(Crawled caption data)
- - - -
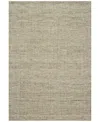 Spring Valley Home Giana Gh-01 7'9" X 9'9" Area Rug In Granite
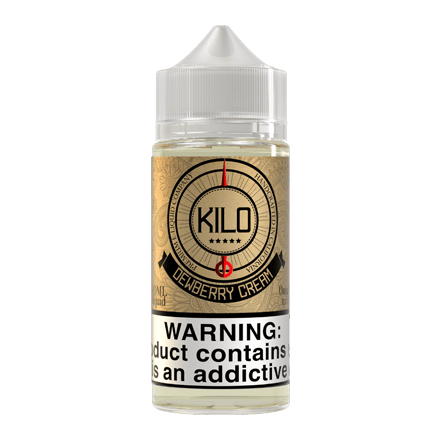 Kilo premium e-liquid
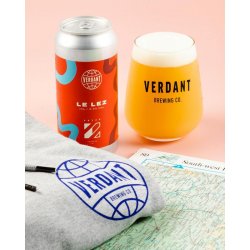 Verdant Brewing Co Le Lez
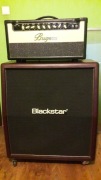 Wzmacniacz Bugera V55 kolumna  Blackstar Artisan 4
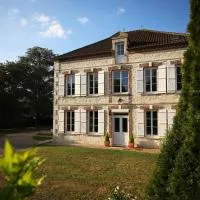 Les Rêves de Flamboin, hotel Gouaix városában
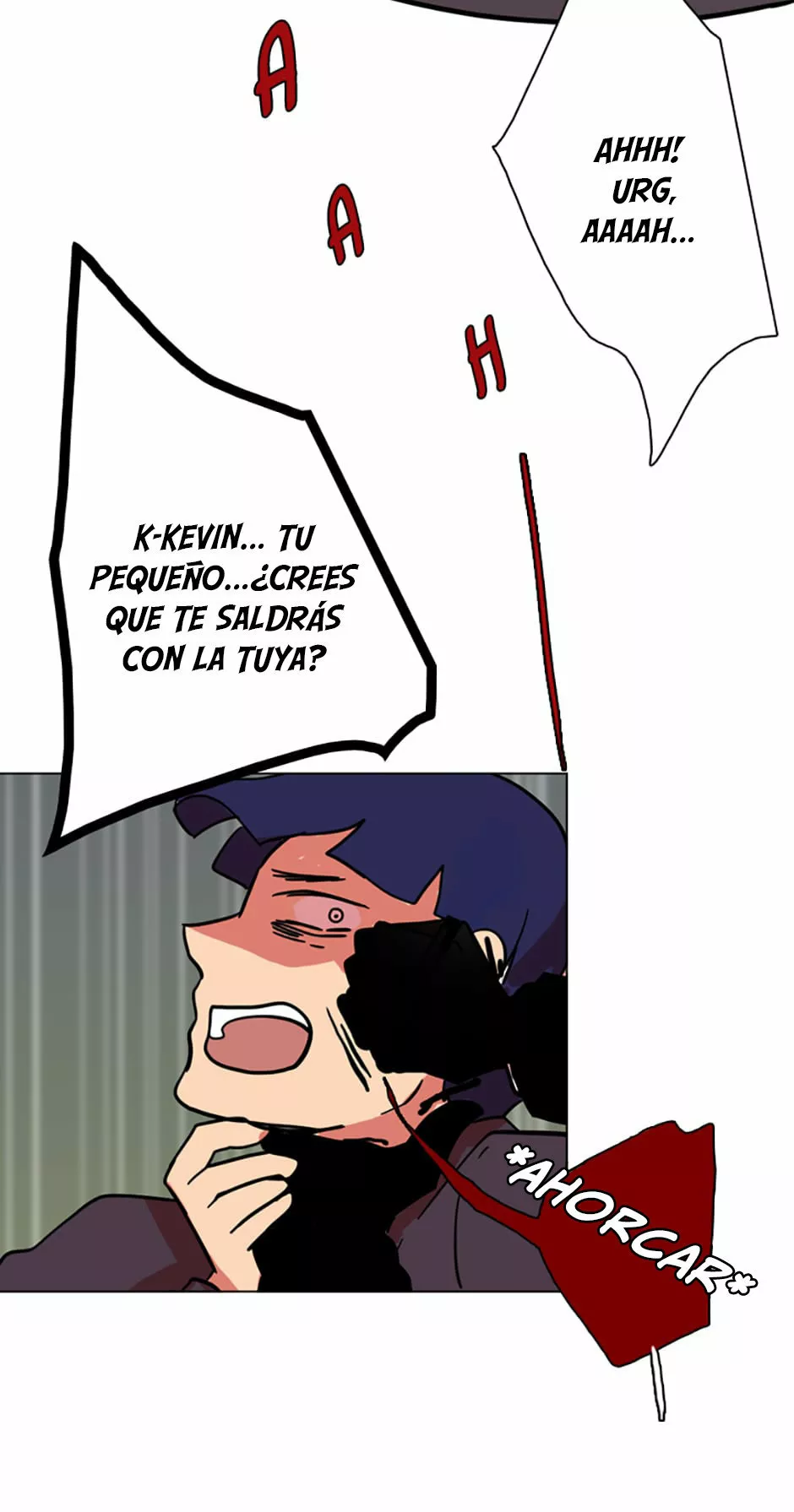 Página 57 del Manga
- - - -
> [WHAT YOU ARE ASKED TO DO]: Every line from the one with "Kilo premium e-liquid" to the end of the records above should be restated word for word, and no picture belongs in the copy.

> [TASK SOLUTION]:
 Kilo premium e-liquid
 Verdant Brewing Co Le Lez
 Wzmacniacz Bugera V55 kolumna  Blackstar Artisan 4
 Les Rêves de Flamboin, hotel Gouaix városában
 Página 57 del Manga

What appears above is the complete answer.